Prowadzenie firmy/działalności to nie jest łatwy temat, a myślenie o niej stale, to dość powszechna rzecz. Widać to dobrze kiedy zejdą się znajomi, o czym rozmawiają i jak intensywnie.
Bycie przedsiębiorcą, to droga w pewnym sensie podobna do np. kariery sportowej. Są łatwiejsze ścieżki na dobre życie, a sam sukces nie jest zapewniony nawet jeśli poświęcisz w całości 10 lat życia. Ale są ludzie, którzy to robią, bo to ich droga przez życie. Część też wpada na tę ścieżkę przypadkiem i odkrywa, że są tu rzeczy i złe i dobre, ale wszystko jest trochę inaczej, niż powszechnie się uważa (czyli np. że zamiast 'całorocznego urlopu" masz "całoroczne myślenie o pracy").

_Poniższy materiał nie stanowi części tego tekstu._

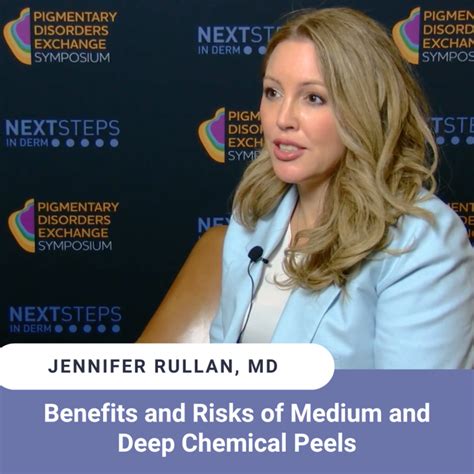 Chemical Peels Rullan Next Steps In Dermatology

Ad ryzyk - każda inwestycja niesie ryzyko, przy czym żeby kupić nieruchomość potrzebujesz znacznie większego kapitału, niż do założenia dużej części działalności. Tym samym mając np. 10k możesz założyć JDG i zostać np. kafelkarzem, a po 5 latach mieć 3 samodzielne zespoły kafelkarzy trzaskające zlecenia, ale z tym samym 10k nie kupisz nieruchomości.
Druga rzecz, to zwrot z takiej inwestycji, bo prawidłowo zarządzana firma da dużo lepszy zwrot niż nieruchomość, da też większą satysfakcję.
SP500 w 2007 spadło o 55%. Oczywiście potem odrobił, ale powodzenia wtedy z trzymaniem akcji, wielu nie dało rady.
Giełda sama w sobie jest ok, ale znów - podobnie jak z nieruchomościami - potrzebujesz mieć kapitał, żeby być w stanie z niej coś wyjąć.
Dlatego ludzie często najpierw stawiają firmy, a potem jak osiągną sukces, to kapitał inwestują na giełdzie albo w nieruchomości.